PROVIDED MATERIAL:
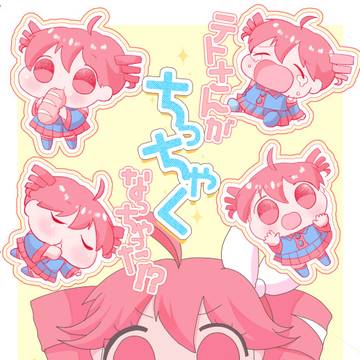 テトさんがちっちゃくなっちゃった！？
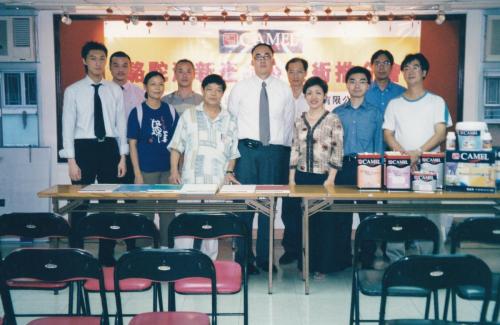 IMG 20190906 0021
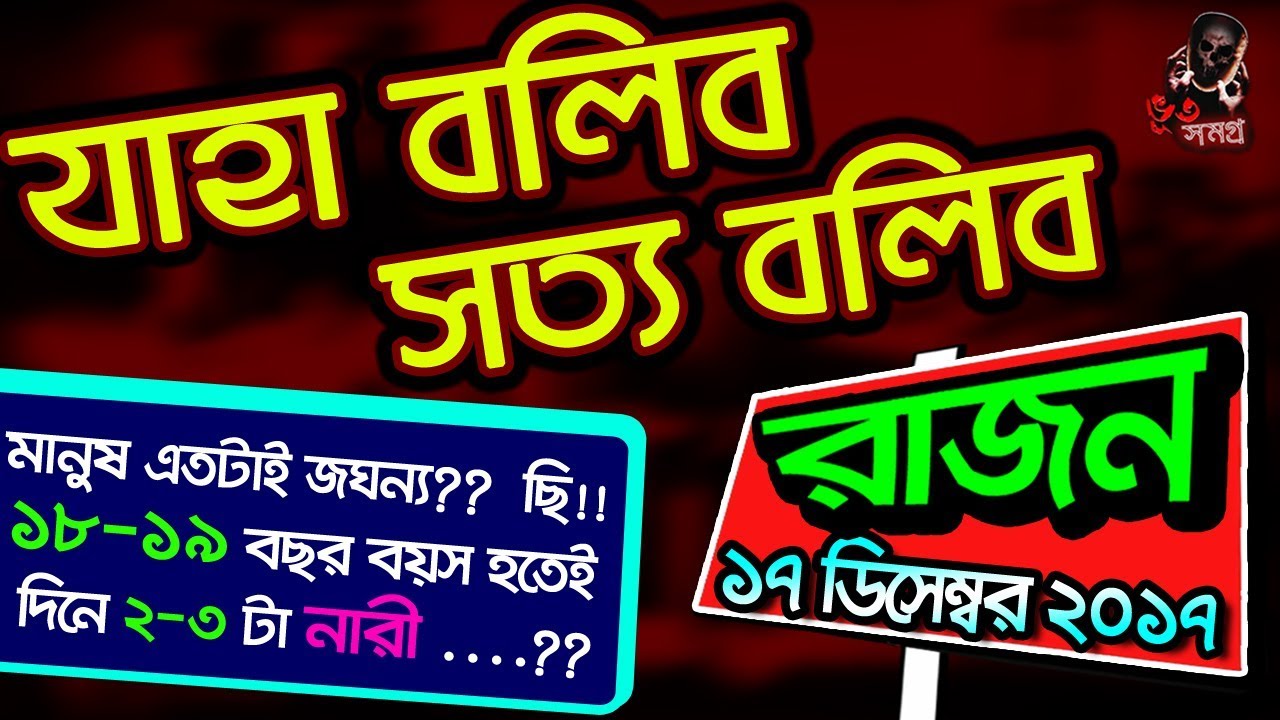 Jaha Bolibo Sotto Bolibo 17 December 2017 | RJ Rehaan | যাহা বলিব সত্য বলিব পর্ব ২৩৬
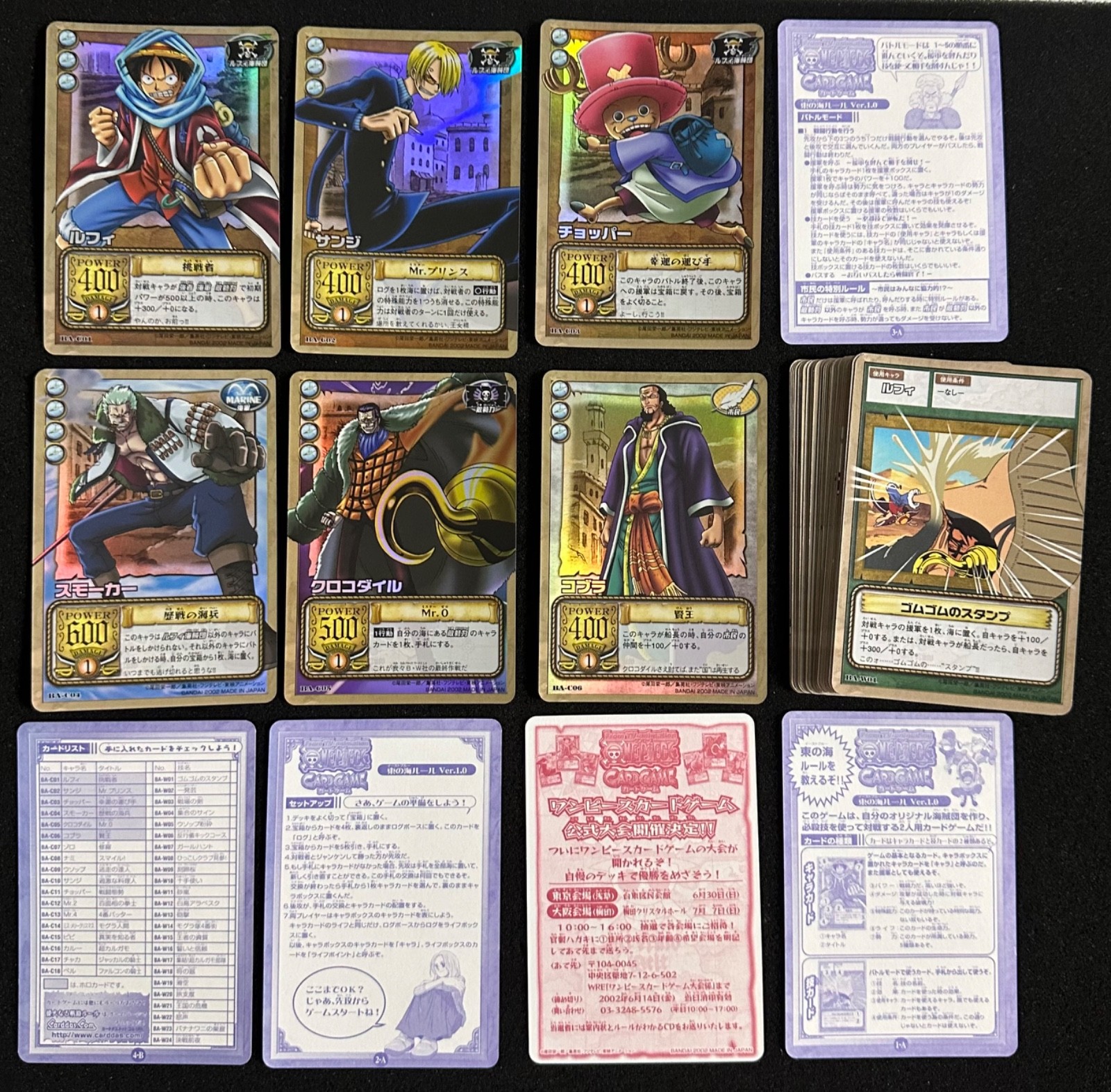 2002 One Piece  TV Animation card Full set 6 prism card & regulard with leaflets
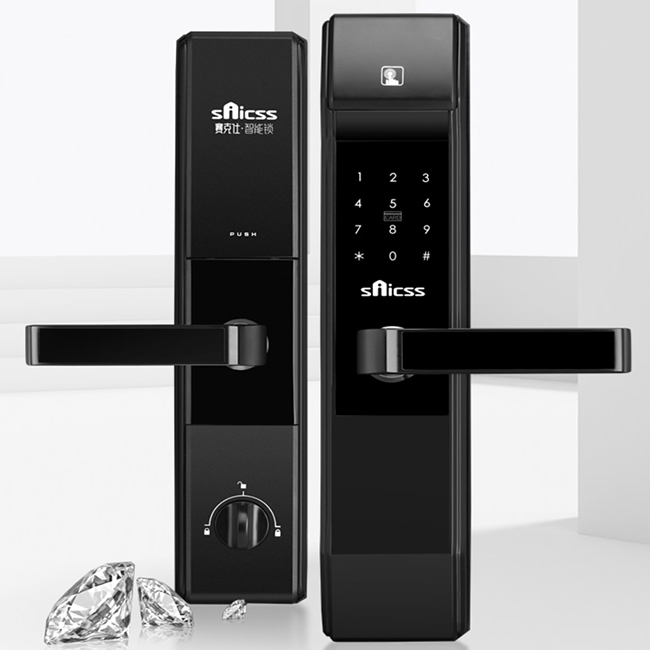 賽克仕智能鎖 JX01小滑蓋低功耗游離把手指紋密碼鎖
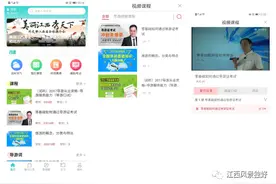 “导游远教”APP上线啦，一招教你快速下载使用！图片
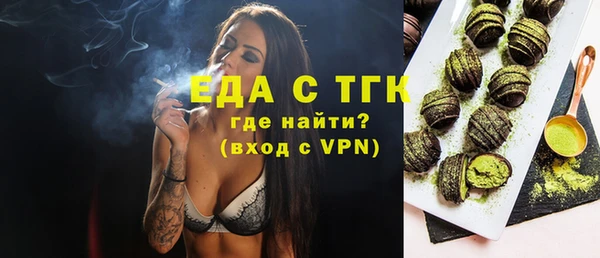 прущие грибы Верхнеуральск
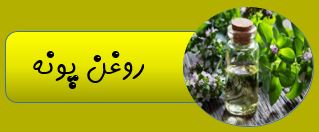 بهترین روغن ارگانیک ایران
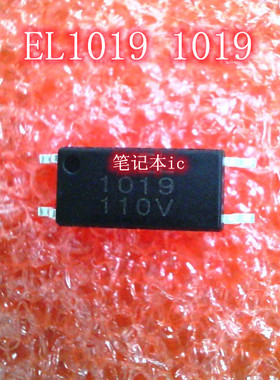 EL1019 1019 SOP4 L6739TR L6739 印丝 6739 ES39 QFN16 IC 新的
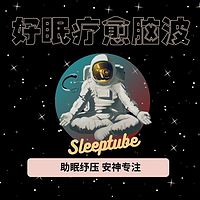 睡眠氧舱 好眠疗愈脑波音乐｜助眠放松纾压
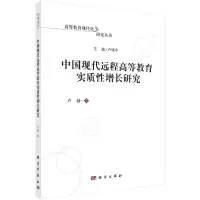 醉染图书中国现代远程高等教育实质增长研究9787030701466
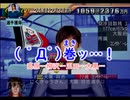 続・サカつく２００２でゆっくり遊ぶ！part５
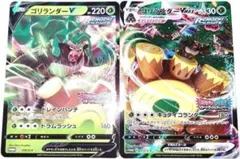 早い者勝ち！大人気！ポケモンカード　ゴリランダーV＋ゴリランダーVMAX　プロモのサムネイル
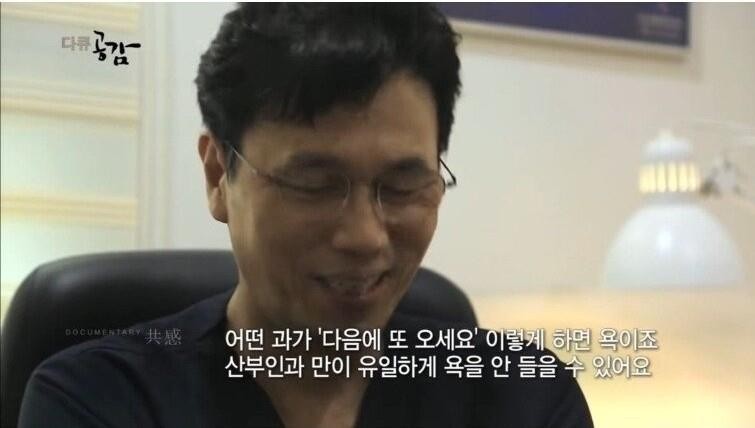 [TV 위에 유튜브] 현실과 고군분투하는 낭만닥터 '진오비 산부인과'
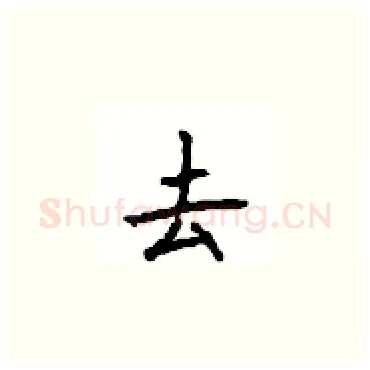 去硬笔楷书写法,摘自顾仲安硬笔书法字帖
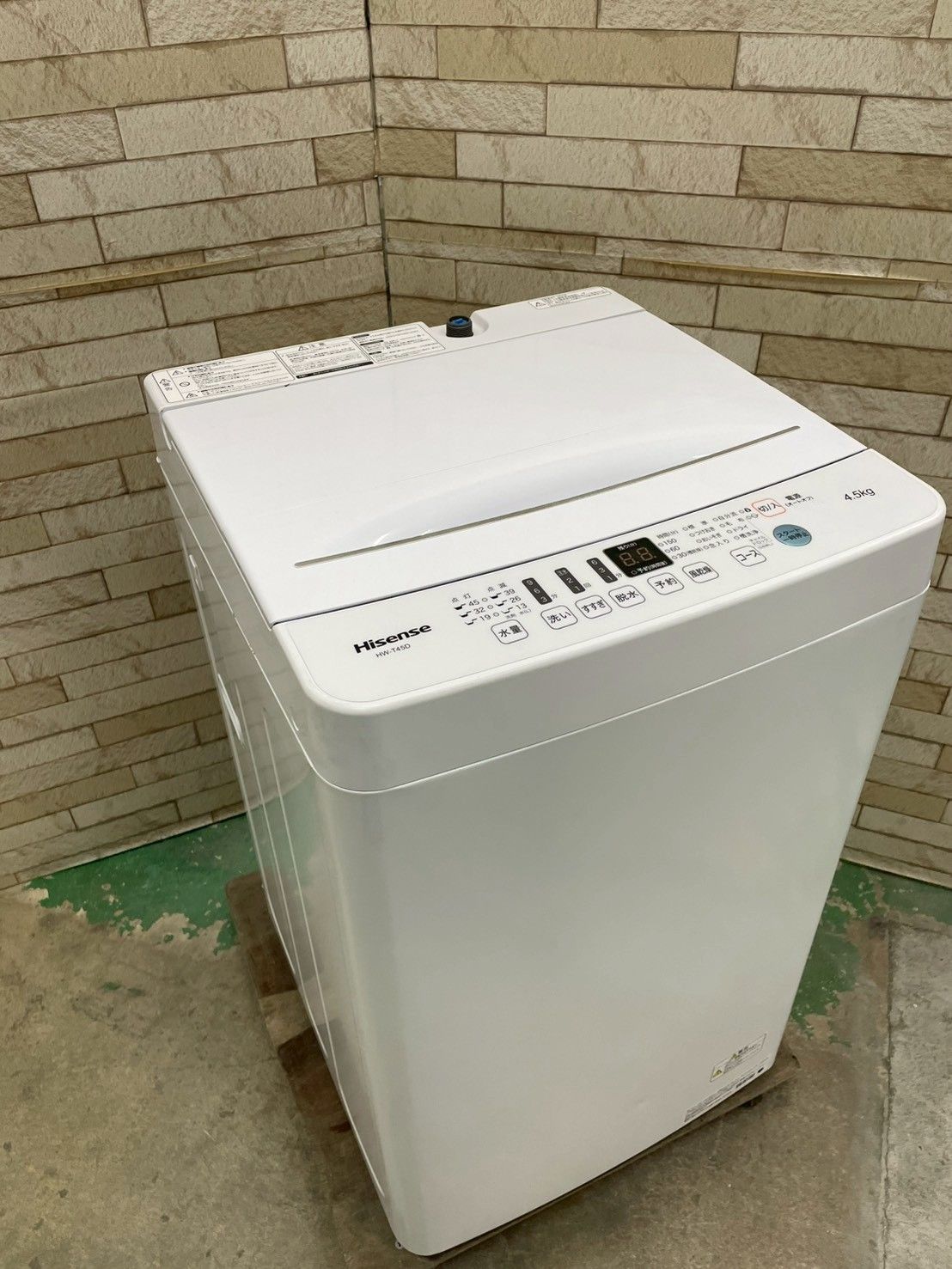 大阪送料無料☆3か月保障付き☆洗濯機☆ハイセンス☆4.5kg☆2020年☆HW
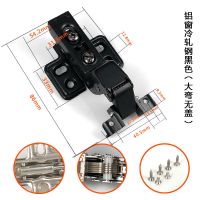 黑色不锈钢铝框铰链铝窗飞机合页书柜阻尼铰链加厚液压缓冲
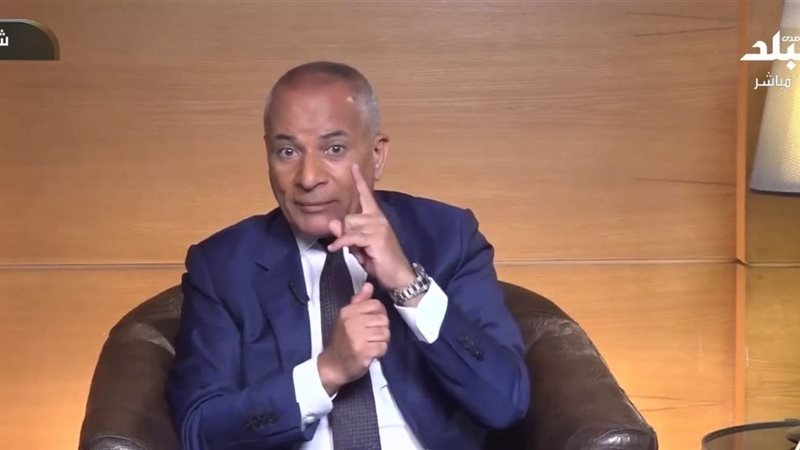 أحمد موسى
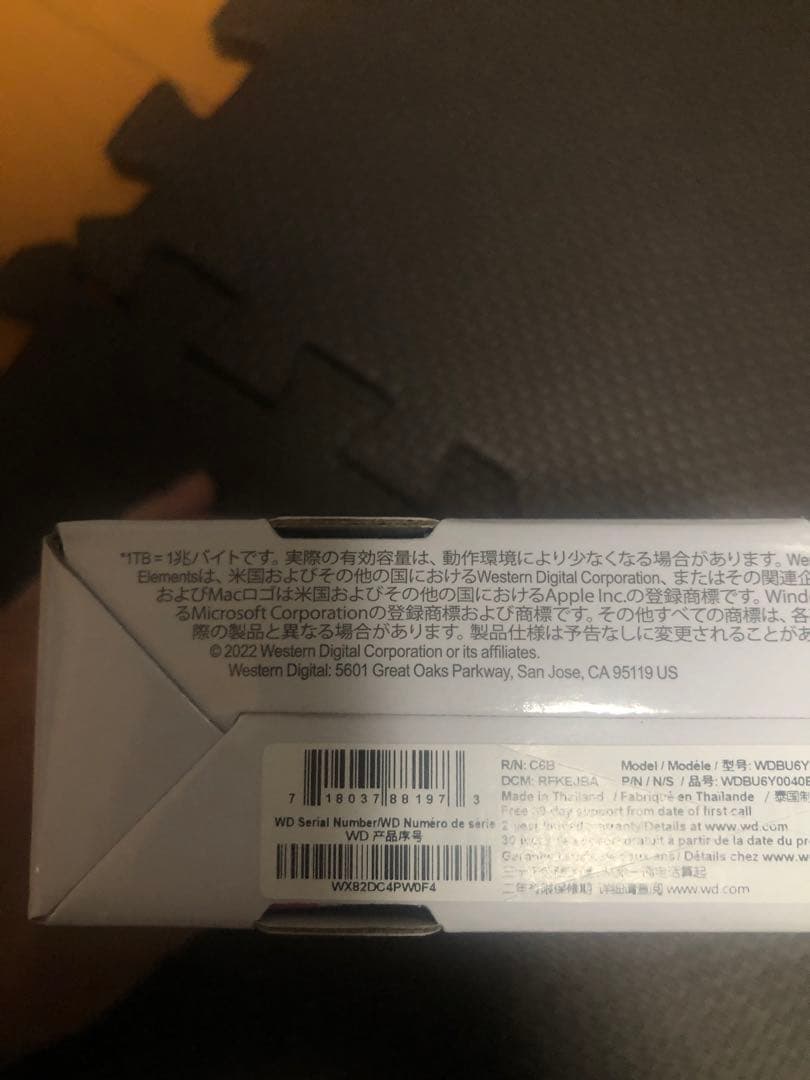 ウエスタンデジタル 4TB ポータブルハードディスク WD Elements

BRIEF: Every line above is to be duplicated exactly; no picture should be carried over.

TASK ANSWER:
 テトさんがちっちゃくなっちゃった！？
 IMG 20190906 0021
 Jaha Bolibo Sotto Bolibo 17 December 2017 | RJ Rehaan | যাহা বলিব সত্য বলিব পর্ব ২৩৬
 2002 One Piece  TV Animation card Full set 6 prism card & regulard with leaflets
 賽克仕智能鎖 JX01小滑蓋低功耗游離把手指紋密碼鎖
 “导游远教”APP上线啦，一招教你快速下载使用！图片
 прущие грибы Верхнеуральск
 بهترین روغن ارگانیک ایران
 EL1019 1019 SOP4 L6739TR L6739 印丝 6739 ES39 QFN16 IC 新的
 睡眠氧舱 好眠疗愈脑波音乐｜助眠放松纾压
 醉染图书中国现代远程高等教育实质增长研究9787030701466
 続・サカつく２００２でゆっくり遊ぶ！part５
 早い者勝ち！大人気！ポケモンカード　ゴリランダーV＋ゴリランダーVMAX　プロモのサムネイル
 [TV 위에 유튜브] 현실과 고군분투하는 낭만닥터 '진오비 산부인과'
 去硬笔楷书写法,摘自顾仲安硬笔书法字帖
 大阪送料無料☆3か月保障付き☆洗濯機☆ハイセンス☆4.5kg☆2020年☆HW
 黑色不锈钢铝框铰链铝窗飞机合页书柜阻尼铰链加厚液压缓冲
 أحمد موسى
 ウエスタンデジタル 4TB ポータブルハードディスク WD Elements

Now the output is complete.